The Los Angeles archdiocese recently released an update to its list of accused priests, but Salazar was not mentioned in that document.

The archdiocese said that over the past decade there have been two cases of misconduct involving minors by Los Angeles priests, both of which were made public when the allegations were first received.

“In the past two decades, we have put in place an effective system for reporting and investigating suspected abuse by priests and for removing offenders from ministry,” Gomez wrote in a Dec. 6 letter.

The Catholic Church has dealt this year not just with cases of predator priests, but with cases that expose the misdeeds of bishops and cardinals, who either failed to stop abusers or carried out abuses themselves. Scandals have played out in France, Chile, Australia, the United States and elsewhere, implicating members even of Pope Francis’s inner circle. Increasingly loud critics say Francis’s papacy has been damaged by the cases – and by the church’s struggle to hold prelates accountable.

In February, the Vatican is hosting an unprecedented summit bringing together leading bishops from around the world to discuss the protection of minors and clerical sexual abuse. On Tuesday, summit organizers asked participating bishops to meet with abuse victims before coming to Rome as a way to “learn firsthand the suffering” of those survivors.

Salazar, 69, was born in Costa Rica but attended high school, college and seminary in California. He was ordained as a priest in 1984 and subsequently served several parishes across Southern California.

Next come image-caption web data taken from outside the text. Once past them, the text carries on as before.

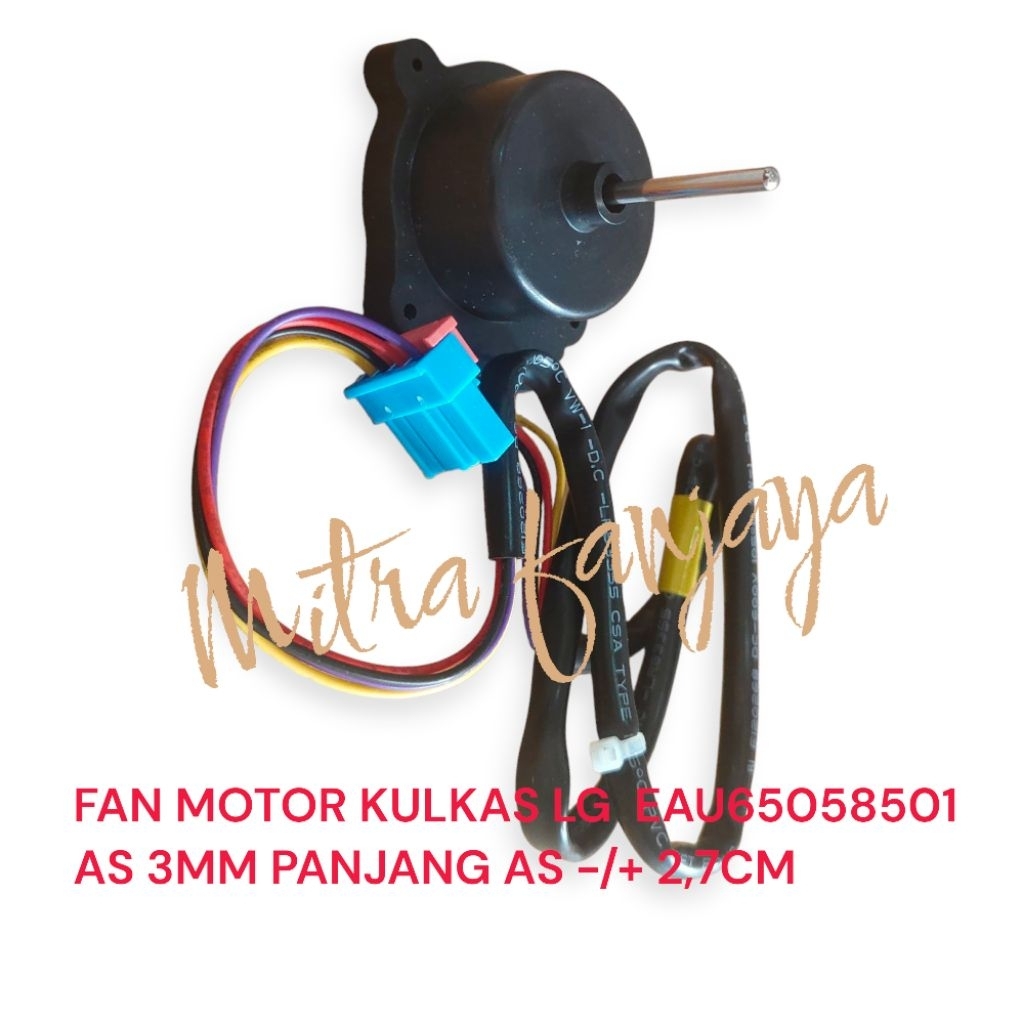 KIPAS KULKAS LG INVERTER EAU65058501 DC 12V / FAN MOTOR LG INVERTER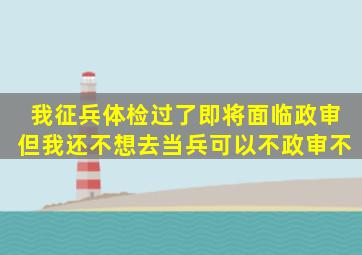 我征兵体检过了,即将面临政审,但我还不想去当兵,可以不政审不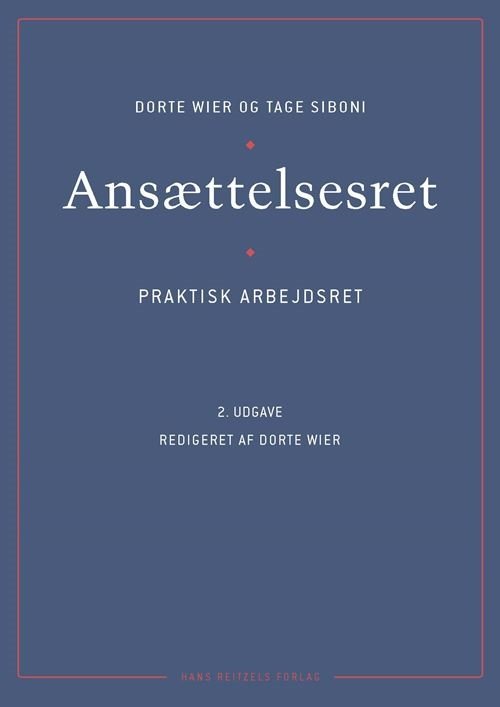Cover for Dorte Wier; Tage Siboni · Ansættelsesret (Hæftet bog) [2. udgave] (2023)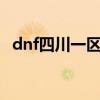 dnf四川一区属于哪个大区（dnf四川2区）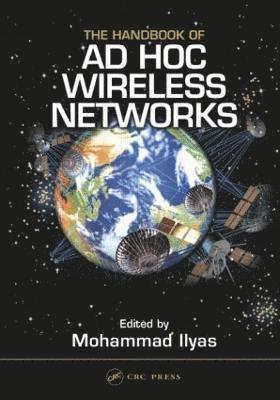Mohammad Ilyas, Mohammad Iiyas, Ilyas Ilyas, Mohammad Ilyas, USA) Ilyas, Mohammad (Florida Atlantic University, Boca Raton - Handbook of Ad Hoc Wireless Networks, Inbunden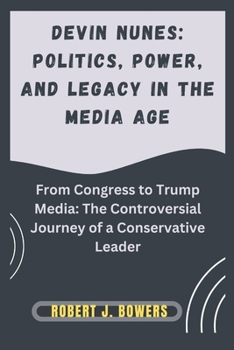 Paperback Devin Nunes: Politics, Power, and Legacy in the Media Age: From Congress to Trump Media: The Controversial Journey of a Conservative Leader Book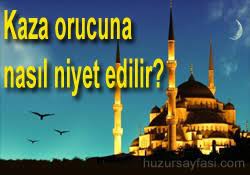 İşte diyanet'in konuyla ilgili yaptığı değerlendirme… kaza orucuna nasıl niyet edilir? Kaza Oruclarina Nasil Niyet Edilir Huzur Sayfasi Islami Bilgi Kaynaginiz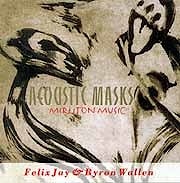 Felix Jay - Acoustic Masks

He was ordained as an auxiliary bishop in 2004. During that ceremony, according to a story that appeared in the Los Angeles Times, Mahony referenced a series of flash points across the world, as well as the church’s crisis in dealing with priestly sexual abuse.

“So, Bishop Alex, it is precisely those realities that our Lord Jesus Christ calls you to and sends you,” the newspaper quoted Mahony as saying.

The Washington Post’s Stefano Pitrelli contributed to this report.